> [YOUR ASSIGNMENT] Would you give again, exactly as written, the lines from the opening of the records to the line with "25年微信小程序推广，最新玩法，保底日入900+，一部手机就可操作-知创网", that line included and pictures excluded?

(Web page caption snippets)
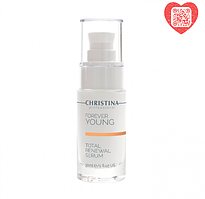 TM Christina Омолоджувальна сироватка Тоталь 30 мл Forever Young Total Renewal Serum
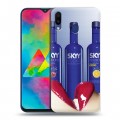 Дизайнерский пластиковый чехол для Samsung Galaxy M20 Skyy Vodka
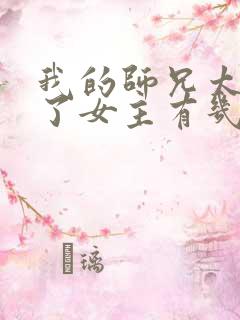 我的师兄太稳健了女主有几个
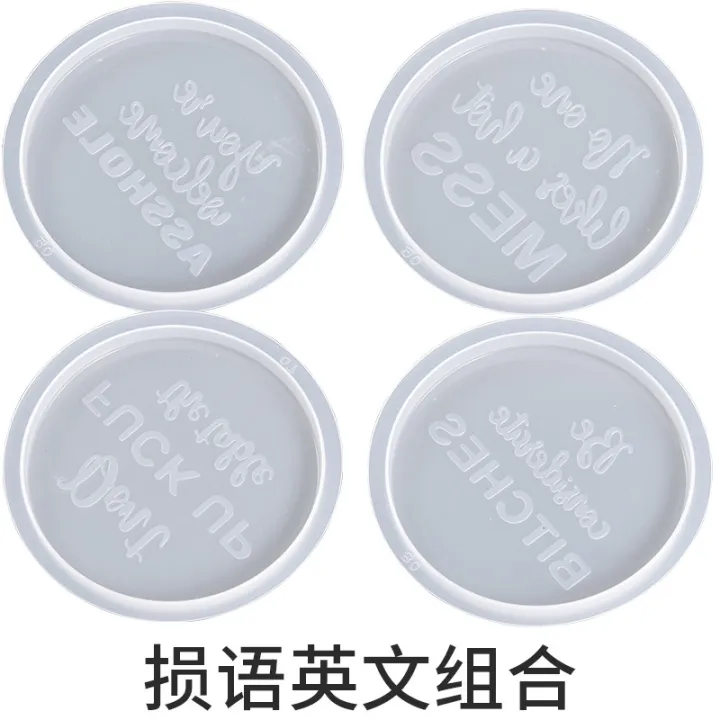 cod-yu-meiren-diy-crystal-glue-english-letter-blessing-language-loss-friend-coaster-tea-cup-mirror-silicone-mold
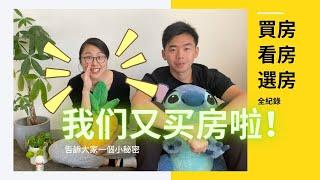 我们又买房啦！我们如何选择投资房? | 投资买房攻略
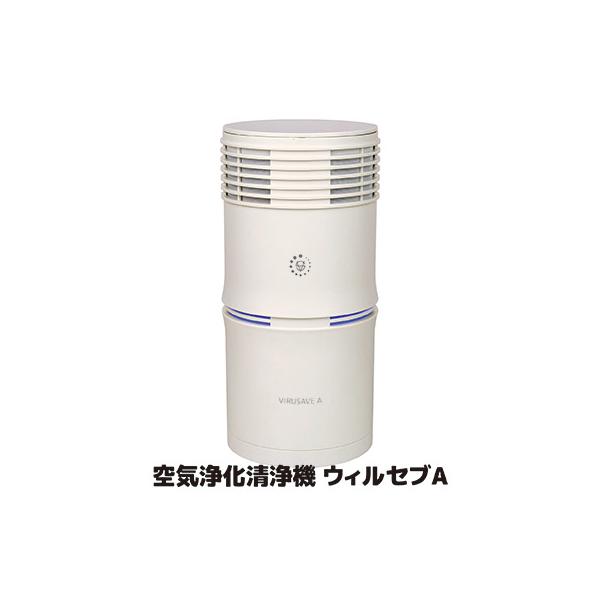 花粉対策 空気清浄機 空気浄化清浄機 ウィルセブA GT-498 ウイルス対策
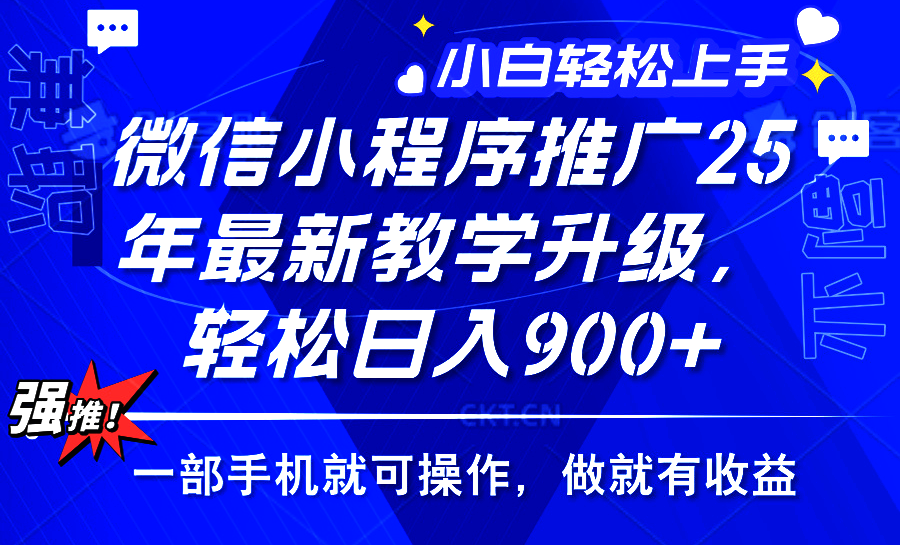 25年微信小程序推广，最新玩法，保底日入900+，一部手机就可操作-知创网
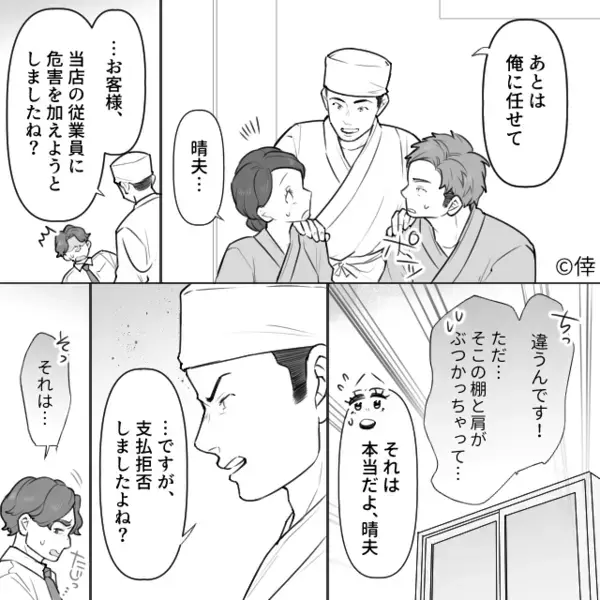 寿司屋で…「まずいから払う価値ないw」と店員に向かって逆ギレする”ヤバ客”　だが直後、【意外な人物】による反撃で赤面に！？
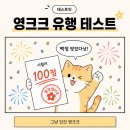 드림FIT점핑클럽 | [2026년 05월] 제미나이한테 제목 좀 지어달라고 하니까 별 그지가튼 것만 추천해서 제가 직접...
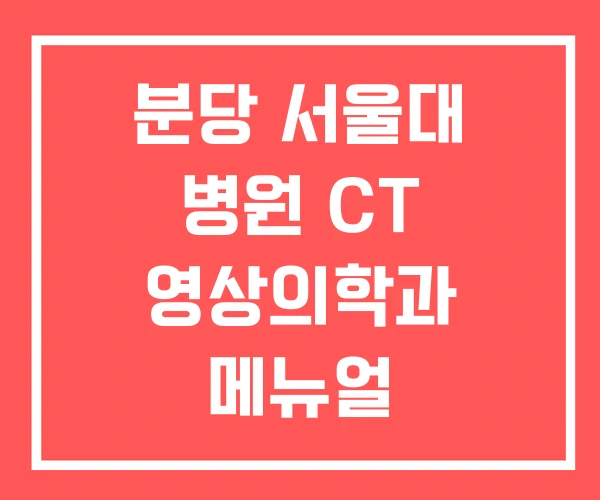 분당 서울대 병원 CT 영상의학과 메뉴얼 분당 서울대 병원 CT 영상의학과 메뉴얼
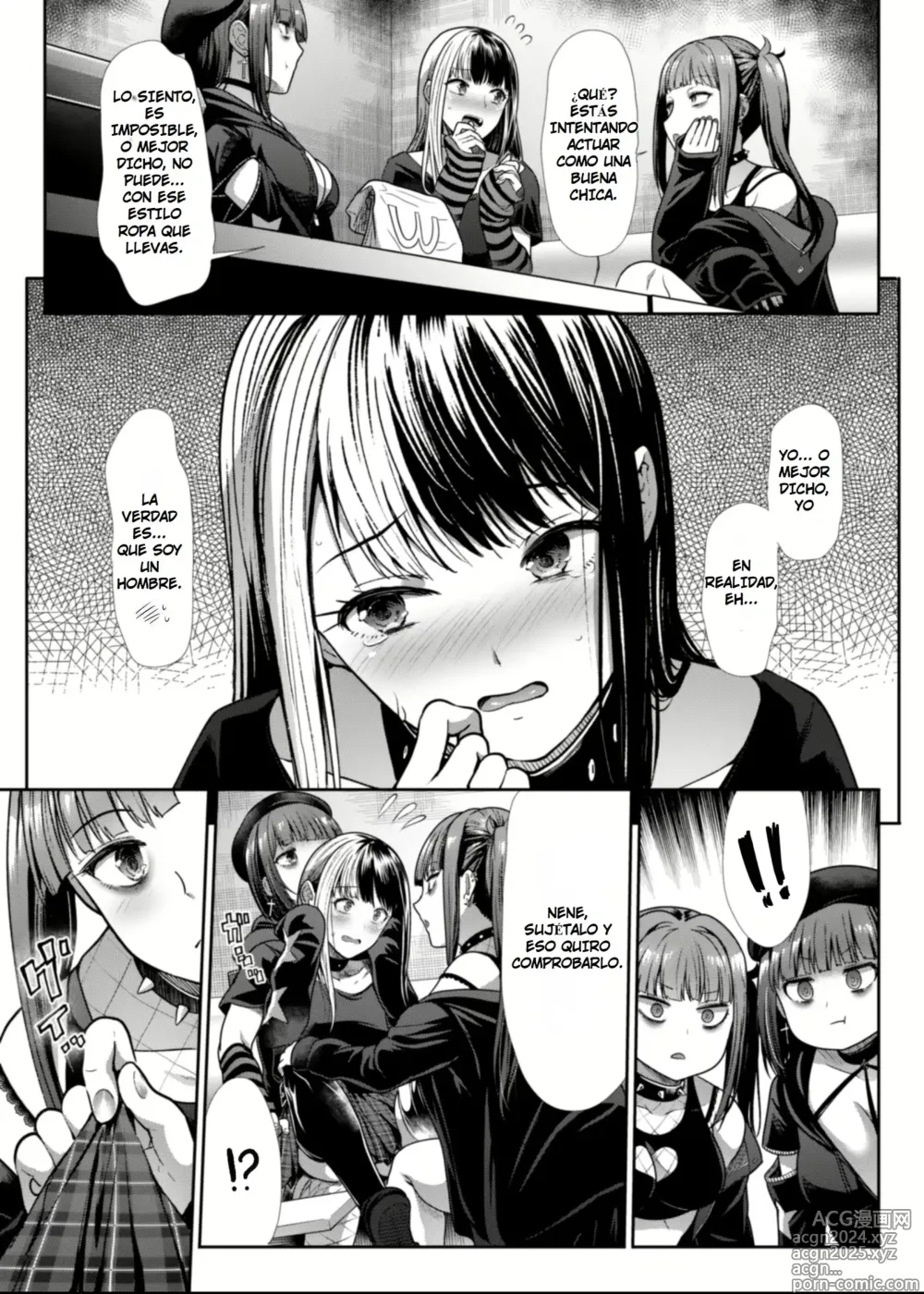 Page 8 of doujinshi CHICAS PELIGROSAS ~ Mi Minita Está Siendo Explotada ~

> [REPLY TO THE EXERCISE]
 TM Christina Омолоджувальна сироватка Тоталь 30 мл Forever Young Total Renewal Serum
 Дизайнерский пластиковый чехол для Samsung Galaxy M20 Skyy Vodka
 我的师兄太稳健了女主有几个
 cod-yu-meiren-diy-crystal-glue-english-letter-blessing-language-loss-friend-coaster-tea-cup-mirror-silicone-mold
 我们又买房啦！我们如何选择投资房? | 投资买房攻略
 花粉対策 空気清浄機 空気浄化清浄機 ウィルセブA GT-498 ウイルス対策
 25年微信小程序推广，最新玩法，保底日入900+，一部手机就可操作-知创网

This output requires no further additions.